%%

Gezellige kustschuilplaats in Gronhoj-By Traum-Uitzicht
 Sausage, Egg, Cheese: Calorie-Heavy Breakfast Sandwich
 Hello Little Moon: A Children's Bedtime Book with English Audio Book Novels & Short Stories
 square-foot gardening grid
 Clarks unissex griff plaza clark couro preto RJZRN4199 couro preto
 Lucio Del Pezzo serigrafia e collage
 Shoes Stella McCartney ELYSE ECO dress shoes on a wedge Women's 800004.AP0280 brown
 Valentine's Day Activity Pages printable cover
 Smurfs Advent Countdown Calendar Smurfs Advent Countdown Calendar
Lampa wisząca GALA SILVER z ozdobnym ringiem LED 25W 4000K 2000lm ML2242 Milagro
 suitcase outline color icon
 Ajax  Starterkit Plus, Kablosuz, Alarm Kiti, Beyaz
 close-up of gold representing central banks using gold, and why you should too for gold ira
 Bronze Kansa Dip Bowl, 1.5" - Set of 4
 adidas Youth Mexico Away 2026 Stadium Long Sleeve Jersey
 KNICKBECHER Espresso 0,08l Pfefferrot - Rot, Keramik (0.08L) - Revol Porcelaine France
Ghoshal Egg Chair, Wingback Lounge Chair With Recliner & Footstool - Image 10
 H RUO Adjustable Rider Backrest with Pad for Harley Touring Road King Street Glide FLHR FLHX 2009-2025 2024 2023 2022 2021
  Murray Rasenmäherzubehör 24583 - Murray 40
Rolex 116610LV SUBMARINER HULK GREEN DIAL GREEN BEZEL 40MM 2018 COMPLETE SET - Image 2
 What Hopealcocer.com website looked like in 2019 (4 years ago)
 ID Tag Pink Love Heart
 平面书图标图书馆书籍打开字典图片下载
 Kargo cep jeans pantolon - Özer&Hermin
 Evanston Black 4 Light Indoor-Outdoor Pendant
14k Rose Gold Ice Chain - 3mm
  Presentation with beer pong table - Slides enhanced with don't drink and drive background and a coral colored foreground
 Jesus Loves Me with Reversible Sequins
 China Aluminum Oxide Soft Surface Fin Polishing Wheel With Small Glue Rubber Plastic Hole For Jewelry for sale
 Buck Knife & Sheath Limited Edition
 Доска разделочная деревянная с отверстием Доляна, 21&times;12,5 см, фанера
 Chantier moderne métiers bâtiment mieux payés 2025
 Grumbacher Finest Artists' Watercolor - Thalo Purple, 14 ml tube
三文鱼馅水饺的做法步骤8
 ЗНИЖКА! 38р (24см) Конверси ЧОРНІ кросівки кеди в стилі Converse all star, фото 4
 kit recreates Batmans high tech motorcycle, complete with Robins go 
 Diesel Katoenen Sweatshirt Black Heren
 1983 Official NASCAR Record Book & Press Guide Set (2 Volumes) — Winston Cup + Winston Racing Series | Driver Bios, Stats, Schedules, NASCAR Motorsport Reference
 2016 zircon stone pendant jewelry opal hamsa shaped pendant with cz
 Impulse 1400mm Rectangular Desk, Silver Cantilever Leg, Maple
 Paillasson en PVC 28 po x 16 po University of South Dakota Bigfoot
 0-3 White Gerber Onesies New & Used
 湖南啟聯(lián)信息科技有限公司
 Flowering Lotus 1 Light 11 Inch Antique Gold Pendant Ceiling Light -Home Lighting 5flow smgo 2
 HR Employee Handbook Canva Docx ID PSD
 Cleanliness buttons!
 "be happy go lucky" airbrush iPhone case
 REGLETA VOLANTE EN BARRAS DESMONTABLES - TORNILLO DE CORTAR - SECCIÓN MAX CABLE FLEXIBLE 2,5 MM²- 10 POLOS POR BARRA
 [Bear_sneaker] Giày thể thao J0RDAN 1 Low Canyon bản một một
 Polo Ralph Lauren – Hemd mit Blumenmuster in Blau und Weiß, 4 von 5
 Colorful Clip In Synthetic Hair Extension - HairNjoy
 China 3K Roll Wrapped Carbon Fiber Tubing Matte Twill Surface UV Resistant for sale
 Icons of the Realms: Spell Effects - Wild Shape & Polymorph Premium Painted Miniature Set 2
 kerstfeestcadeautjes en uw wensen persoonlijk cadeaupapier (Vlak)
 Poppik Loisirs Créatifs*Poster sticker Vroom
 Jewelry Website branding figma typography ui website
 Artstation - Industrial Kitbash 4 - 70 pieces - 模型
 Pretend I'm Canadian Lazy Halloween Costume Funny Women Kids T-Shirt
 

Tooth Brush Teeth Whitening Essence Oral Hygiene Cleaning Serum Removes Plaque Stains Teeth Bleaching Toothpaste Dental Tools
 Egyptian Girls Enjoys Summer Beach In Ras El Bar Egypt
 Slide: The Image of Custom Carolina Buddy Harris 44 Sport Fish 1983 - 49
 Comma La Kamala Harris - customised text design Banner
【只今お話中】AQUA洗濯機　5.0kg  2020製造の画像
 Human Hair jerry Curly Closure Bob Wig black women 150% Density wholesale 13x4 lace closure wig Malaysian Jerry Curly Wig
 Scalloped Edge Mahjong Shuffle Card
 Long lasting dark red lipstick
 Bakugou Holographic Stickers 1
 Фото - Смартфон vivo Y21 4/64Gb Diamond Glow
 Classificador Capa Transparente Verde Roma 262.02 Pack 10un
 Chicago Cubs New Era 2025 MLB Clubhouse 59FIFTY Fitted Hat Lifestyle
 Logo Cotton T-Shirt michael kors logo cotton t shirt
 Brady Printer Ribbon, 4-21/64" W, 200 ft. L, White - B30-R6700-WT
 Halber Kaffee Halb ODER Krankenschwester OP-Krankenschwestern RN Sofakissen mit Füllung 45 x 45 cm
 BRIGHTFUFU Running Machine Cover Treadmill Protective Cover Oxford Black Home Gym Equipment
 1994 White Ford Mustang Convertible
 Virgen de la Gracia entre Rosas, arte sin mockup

%%

» **WORK TO BE COMPLETED**: Return exactly, and only, the lines above starting at the line that contains "Ghoshal Egg Chair, Wingback" and ending at the line that contains "Jesus Loves Me with Reversible Sequins".

» **FINISHED EXERCISE**:
Ghoshal Egg Chair, Wingback Lounge Chair With Recliner & Footstool - Image 10
 H RUO Adjustable Rider Backrest with Pad for Harley Touring Road King Street Glide FLHR FLHX 2009-2025 2024 2023 2022 2021
  Murray Rasenmäherzubehör 24583 - Murray 40
Rolex 116610LV SUBMARINER HULK GREEN DIAL GREEN BEZEL 40MM 2018 COMPLETE SET - Image 2
 What Hopealcocer.com website looked like in 2019 (4 years ago)
 ID Tag Pink Love Heart
 平面书图标图书馆书籍打开字典图片下载
 Kargo cep jeans pantolon - Özer&Hermin
 Evanston Black 4 Light Indoor-Outdoor Pendant
14k Rose Gold Ice Chain - 3mm
  Presentation with beer pong table - Slides enhanced with don't drink and drive background and a coral colored foreground
 Jesus Loves Me with Reversible Sequins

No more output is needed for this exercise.